Our NGO gets a *lot* of international e-mail. We would like to be able to sort it by character encoding until the world realizes it should use UTF-8 capable mail software. That way we won't have to tell our stupid e-mail software the character set for each message in order to view it correctly. We could just set a magnet for each character encoding, and view the mail all in batches, or better still, tag it automatically so the software can handle the charset automatically. This is particularly important for languages that have a choice of encodings in addition to Unicode, which turns out to be nearly all of them.
Popfile can sort by language to a degree using word statistics, but seems not to store and analyze the character encoding names correctly.
I understand that you don't want to store the charset parameter in the Popfile database. I am asking only for the ability to search correctly for encoding identifiers in the From:, To:, and Subject: fields.
Currently, Popfile will not search for identifiers containing numerals or other non-alphabetic characters, or classify them correctly, as in the following example, where it treats GB2312 as GB.
[unclassified] ??QQ????-????-????????-??
From: 3132y3u4@qyuy.com
To:
POPFile has quarantined a message.

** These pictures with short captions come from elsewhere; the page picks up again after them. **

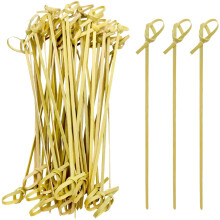 9cm Bamboo Skewers Knot Cocktail Picks Pack of 50 for Finger Food Parties BBQ and Crafts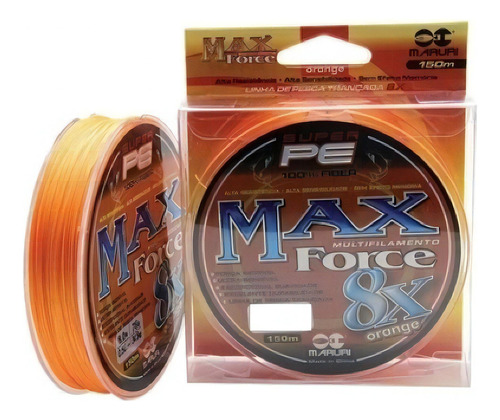 Linha Multifilamento Maruri 8x Max Force 39lb 0,30mm Orange Cor Laranja
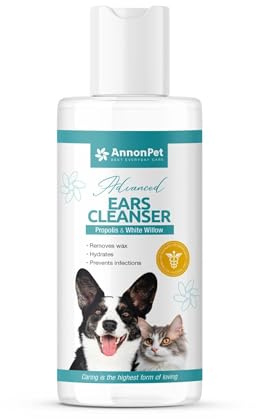 AnnonPet® Advanced Ear Cleanser - Pulizia Orecchie Cane e Gatto | Raccomandato dal Veterinario | Pulizia Delicata, Idratante e Protettiva Contro Acari, Irritazioni | Formula Naturale e Sicura 150 ml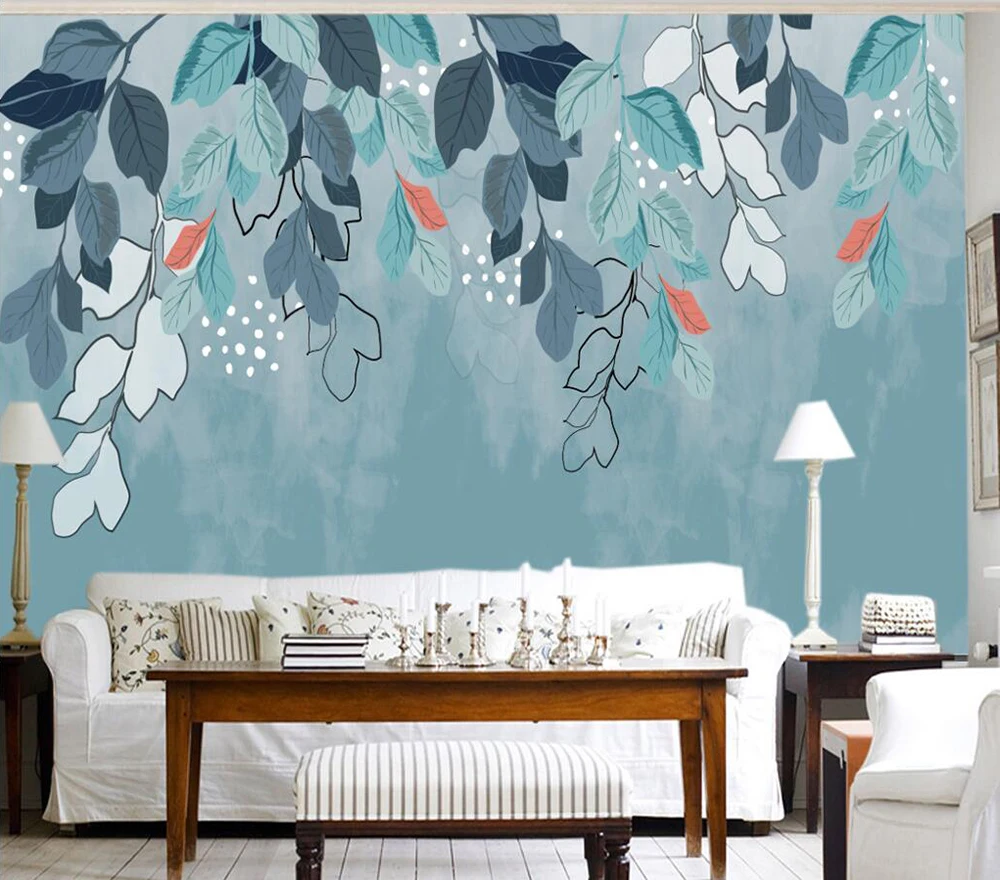 Custom wallpaper Hand-painted leaf background wall painting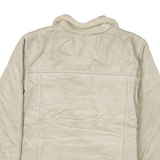 WOOLRICH Womens Beige Leather Button Jacket L Sherpa Soft Warm Coat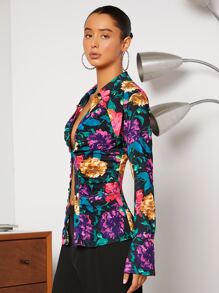 SHEIN Áo sơ mi In hoa Xù - Nhiều màu - Xem 4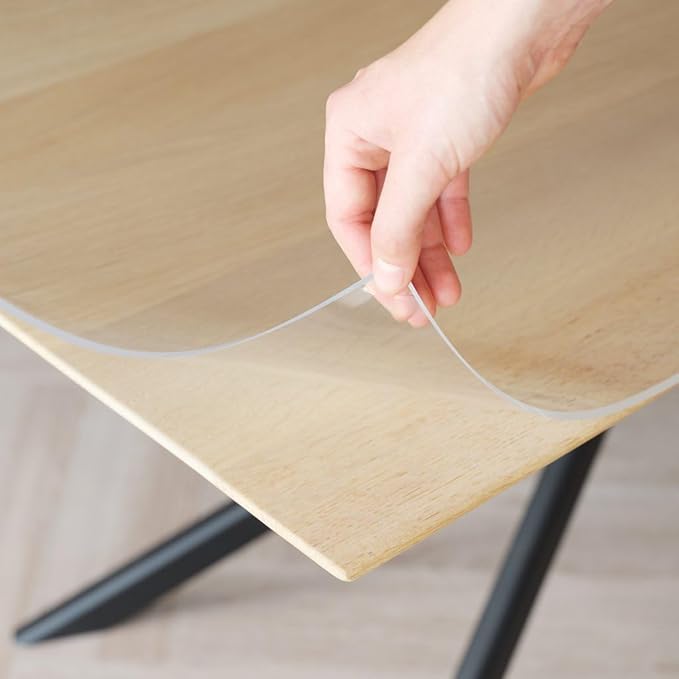 Clear Table Cover Protector, 40x66 inch , German Quality with 3 Mm Thickness, Stain Resistant Dining Pad with Beveled Edges, Washable Tablecloth, Fitted Clear Desk Cover for Indoor & Outdoor Use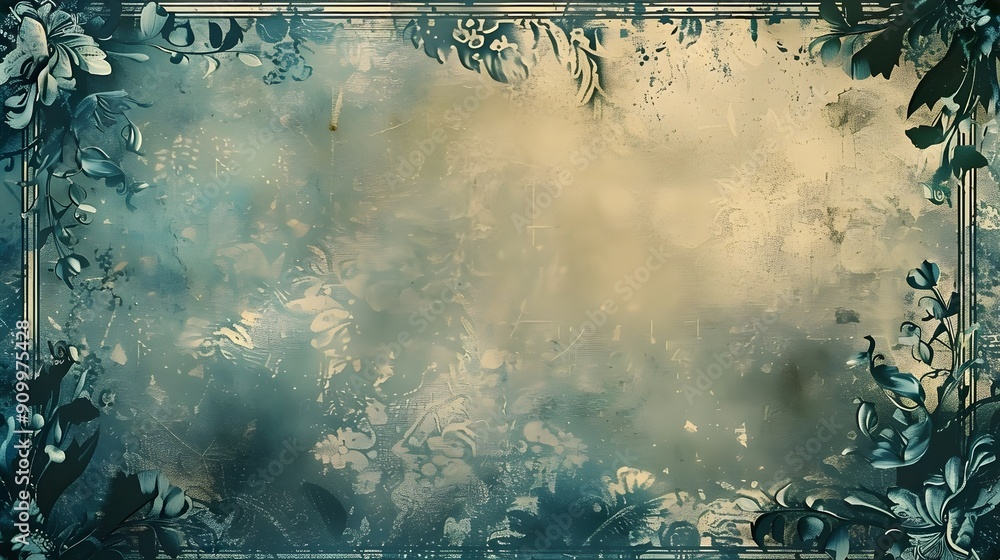 Poster Vintage Distressed Frame with Nostalgic Floral Patterns for Retro Projects and Copy Space Background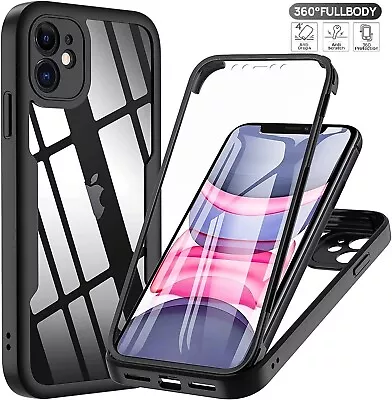 Clear 360 Full Body Case For IPhone 15 14 13 12 11 Pro Max XR XS Max 7 8 Plus SE • £4.65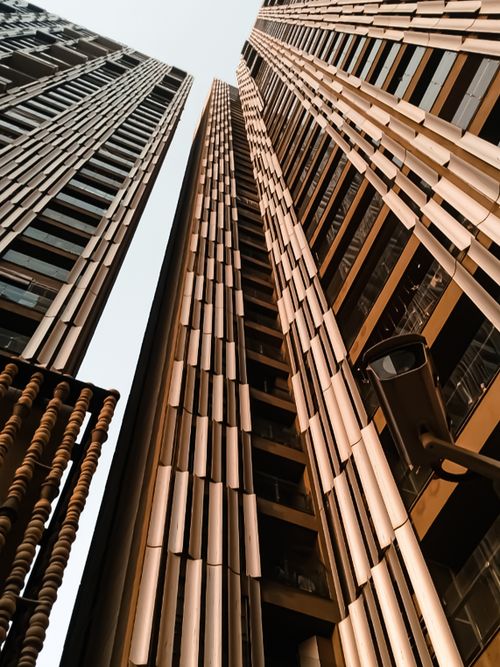 Free Dramatic low angle view of contemporary skyscrapers in Mumbai's urban landscape. Stock Photo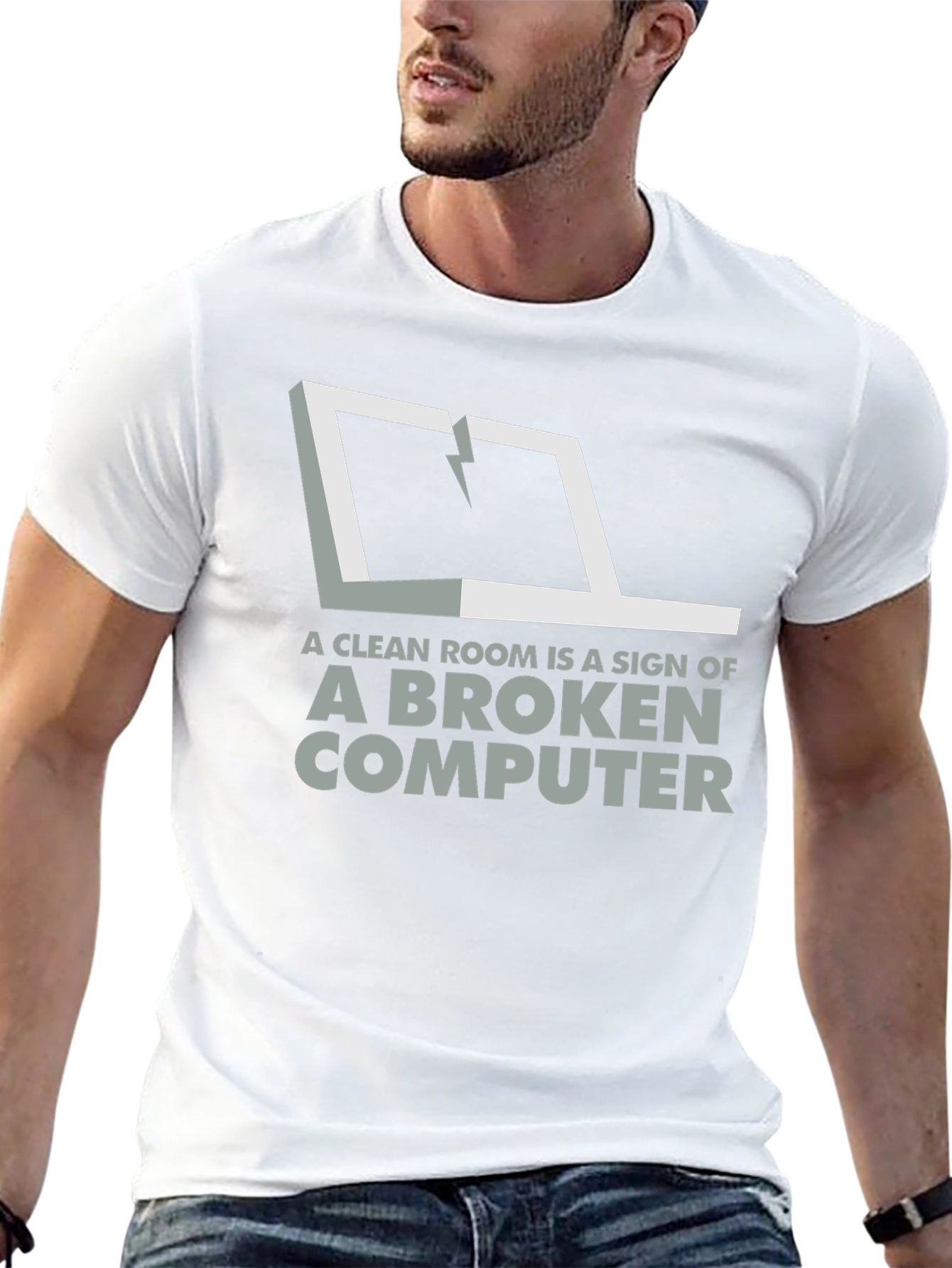 Broken Computer Humor Graphic Tee - Clean Room?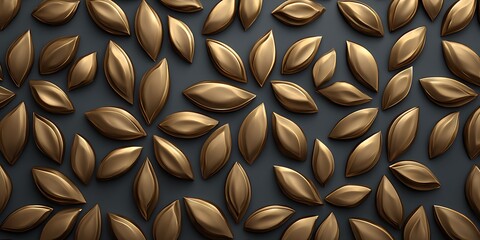 Luxury abstract background with metallic gold and silver leaves, elegant 3D design, and artistic texture, perfect for modern decor, wallpaper, and sophisticated design projects.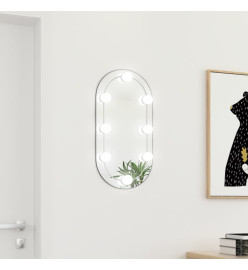 Miroir avec éclairage LED 60x30 cm Verre Ovale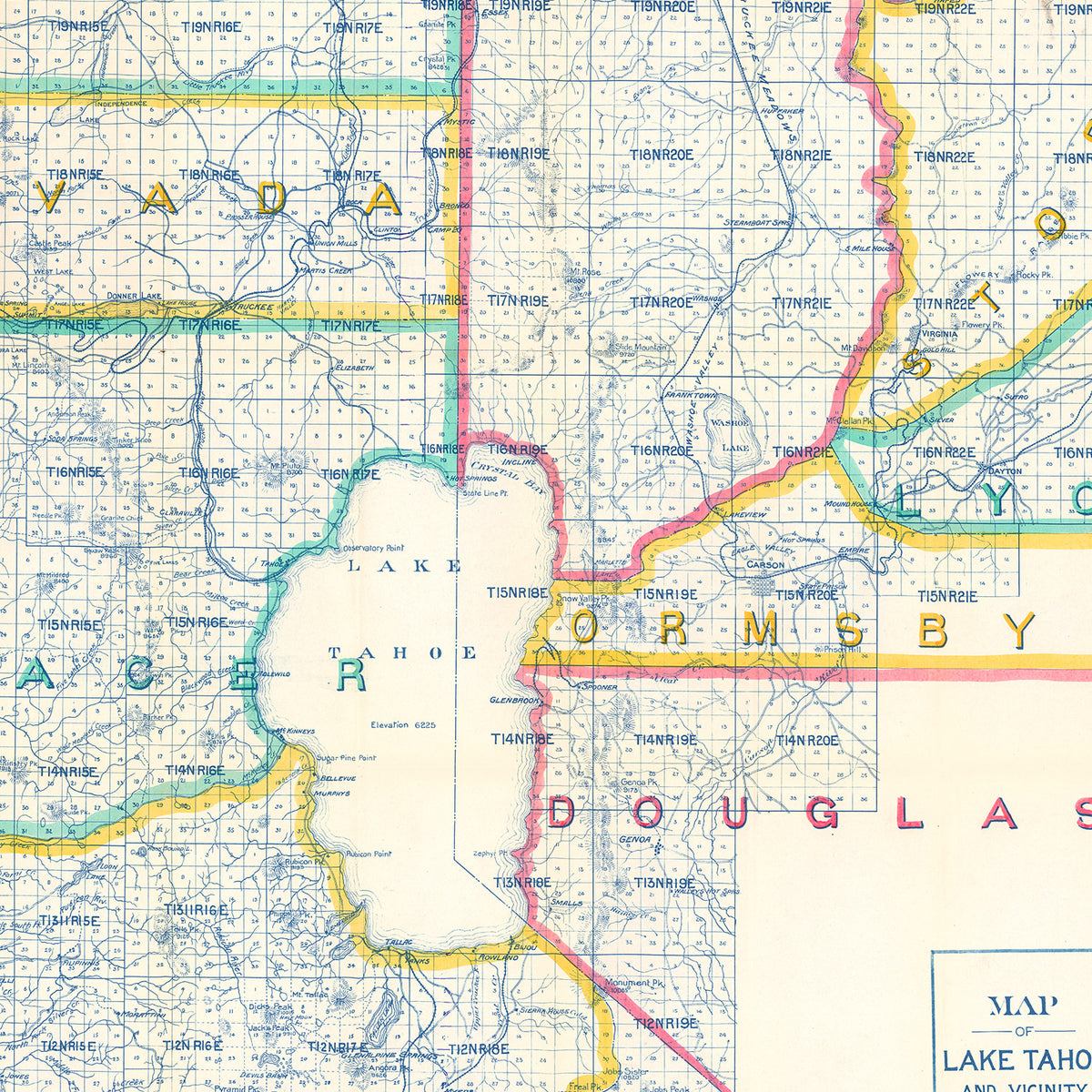 Restored historic details from the 1908 body of water map of County, California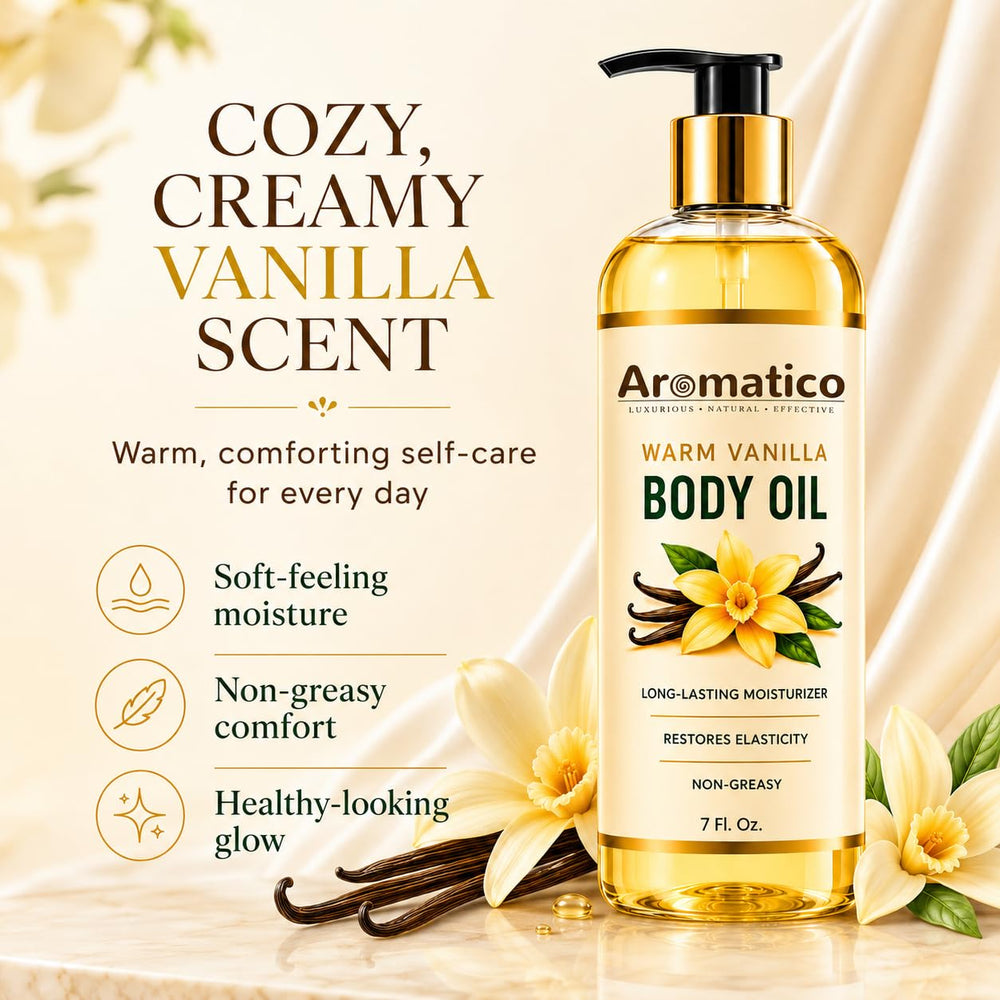 Aromatico with vanilla bean and oil illustrating cozy creamy fragrance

It is attached to this email.
Quarantined Message Detail
Original From: 3132y3u4@qyuy.com
Original To:
Original Subject: ????????QQ????????????????-?????????????-???????????????????¶-????????
To examine the email open the attachment. To change this mail's classification go to http://127.0.0.1:7070/jump_to_message?view=439668
The first 20 words found in the email are:
GB QUQ To Content Type text plain charset GB Content Transfer Encoding bit Date Tue Feb Priority Mailer Microsoft Outlook
Encapsulated message
??QQ????-????-????????-??
From: 3132y3u4@qyuy.com
To:
=?GB2312?B?QUQ=?=
To: cherlin@pacbell.net
Content-Type: text/plain;charset="GB2312"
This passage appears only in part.